Sentinel Go fuse degradation feature is based on the idea of fuse mode, which temporarily cuts off service invocation when unstable factors (such as response time becomes longer and error rate increases) occur, and then tries again after a certain period of time. On the one hand, it prevents the “aggravation” of the unstable service, on the other hand, it protects the caller of the service from being dragged down. Sentinel supports two fusing strategies: response time based (slow call ratio) and error based (error ratio/number of errors), which can effectively protect against a variety of unstable scenarios.
Note that the fuse mode is generally applicable to weakly dependent calls, that is, the degraded fallback does not affect the main business process. The developer needs to design the degraded fallback logic and return value.

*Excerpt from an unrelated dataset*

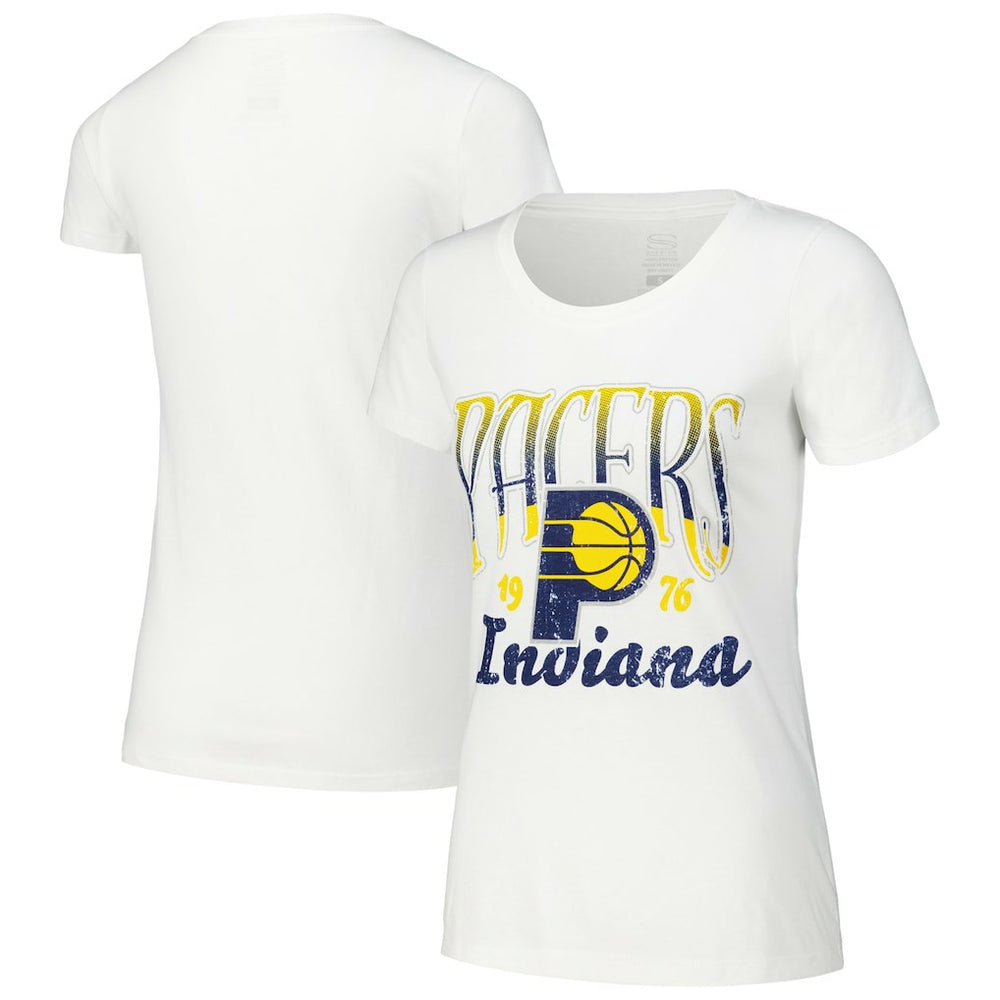 NBA - Indiana Pacers Stadium Essentials Women's Sky High T-Shirt - White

It is also important to note that even if the service caller introduces circuit breaker degradation, we still need to configure the request timeout on the HTTP or RPC client to provide a cushion.
4. Hotspot protection
Traffic is random and unpredictable. To avoid being overwhelmed by heavy traffic, we usually configure traffic limiting rules for core interfaces. However, it is not enough to configure common traffic control rules in some scenarios. Let’s take a look at a scenario where there are a lot of “hot” items at the peak of a rush, and those hot items have very high instantaneous traffic. In general, we can anticipate a wave of hot items in advance and cache the item information to “warm up” so that in the event of a large number of visits, it can be quickly returned without all hitting the DB. But every time there is a big rush, there are some “dark horse” commodities that we cannot predict in advance and are not warmed up. When the number of visits of these “dark horse” commodities surges, a large number of requests will break through the cache and be directly sent to the DB layer. As a result, the DB access is slow and the resource pool of normal commodity requests is crowded. In the end, the system may break down. At this time, Sentinel’s hotspot parameter flow control is used to automatically identify hotspot parameters and control the access QPS or concurrent amount of each hotspot value, which can effectively prevent the over-hot parameter access from crowding the normal call resources.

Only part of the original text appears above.